A Fully Vaccinated Woman Contracted And Then Spread the Measles

This is the first time health officials have encountered a Typhoid Mary-like situation for measles

measles
Photo: Steve Pope

For the first time, experts have confirmed that a fully vaccinated person both contracted and spread the measles. The patient in question—a 22-year-old theater employee in New York City—contracted measles in 2011, ScienceNOW reports. The patient fell into the rare category— less than 1 percent of people fully vaccinated for the measles—of a "vaccine failure." But rather than keep her in the hospital, doctors sent her home on the assumption that she would not be able to transmit the disease to others.

Here's ScienceNOW on how that decision played out: 

Like Typhoid Mary, this patient turned out to be unwittingly contagious. Ultimately, she transmitted the measles to four other people, according to a recent report in Clinical Infectious Diseases that tracked symptoms in the 88 people with whom “Measles Mary” interacted while she was sick. Surprisingly, two of the secondary patients had been fully vaccinated. And although the other two had no record of receiving the vaccine, they both showed signs of previous measles exposure that should have conferred immunity.

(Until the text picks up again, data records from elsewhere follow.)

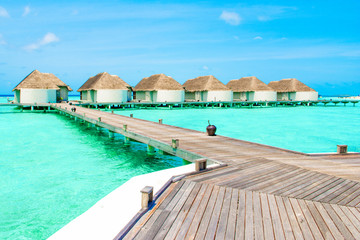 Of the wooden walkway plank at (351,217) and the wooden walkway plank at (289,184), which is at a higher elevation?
the wooden walkway plank at (289,184)

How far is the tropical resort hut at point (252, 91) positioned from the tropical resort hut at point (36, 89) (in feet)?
125

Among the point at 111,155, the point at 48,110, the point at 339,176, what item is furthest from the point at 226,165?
the point at 48,110

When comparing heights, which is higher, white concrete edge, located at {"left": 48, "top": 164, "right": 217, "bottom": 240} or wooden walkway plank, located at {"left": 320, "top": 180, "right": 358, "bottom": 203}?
wooden walkway plank, located at {"left": 320, "top": 180, "right": 358, "bottom": 203}

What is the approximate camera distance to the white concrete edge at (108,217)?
4.45 metres

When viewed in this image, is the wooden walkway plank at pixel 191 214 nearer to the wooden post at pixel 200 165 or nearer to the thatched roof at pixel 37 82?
the wooden post at pixel 200 165

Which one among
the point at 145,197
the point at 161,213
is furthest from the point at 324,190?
the point at 145,197

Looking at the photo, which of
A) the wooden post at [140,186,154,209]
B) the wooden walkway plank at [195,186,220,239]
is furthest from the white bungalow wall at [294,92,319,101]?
the wooden post at [140,186,154,209]

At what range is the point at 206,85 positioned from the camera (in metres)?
55.9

So how did this happen? The woman's immune system, the Daily Beast reports, "responded as though it had never seen the virus before." The measles vaccine works 95 percent of the time, which is why people are given two shots—just in case they fall into that five percent category. It turns out that the woman in question was a "statistical anomaly," the Daily Beast writes. But what about the people she infected who had also received the vaccine? Why did they, too, contract the disease? The Beast:

The report suggests that vaccinated people may lose their immunity as they age. In the past, measles in the community effectively provided a booster for vaccinated people. Now that the virus is mostly gone, their immune systems may be “forgetting” the disease, [epidemiologist George] Rutherford said. 

Experts told the Daily Beast that, rather than freaking out and giving everyone a measles booster shot, a better course of action would be to make sure everyone is vaccinated in the first place. This case, experts remind, is an extreme anomaly. According to the CDC, 80 percent of measles cases in the U.S. are contracted by people who have not been vaccinated, and many of those cases are picked up when traveling abroad to places with higher rates of measles. When the unvaccinated person brings measles back to the U.S., problems ensue, especially if she or he comes into contact with other unvaccinated people. As the Daily Beast notes, "Measles is very contagious, and in unvaccinated settings, one patient can transmit it to 9 of 10 others with whom the patient has contact."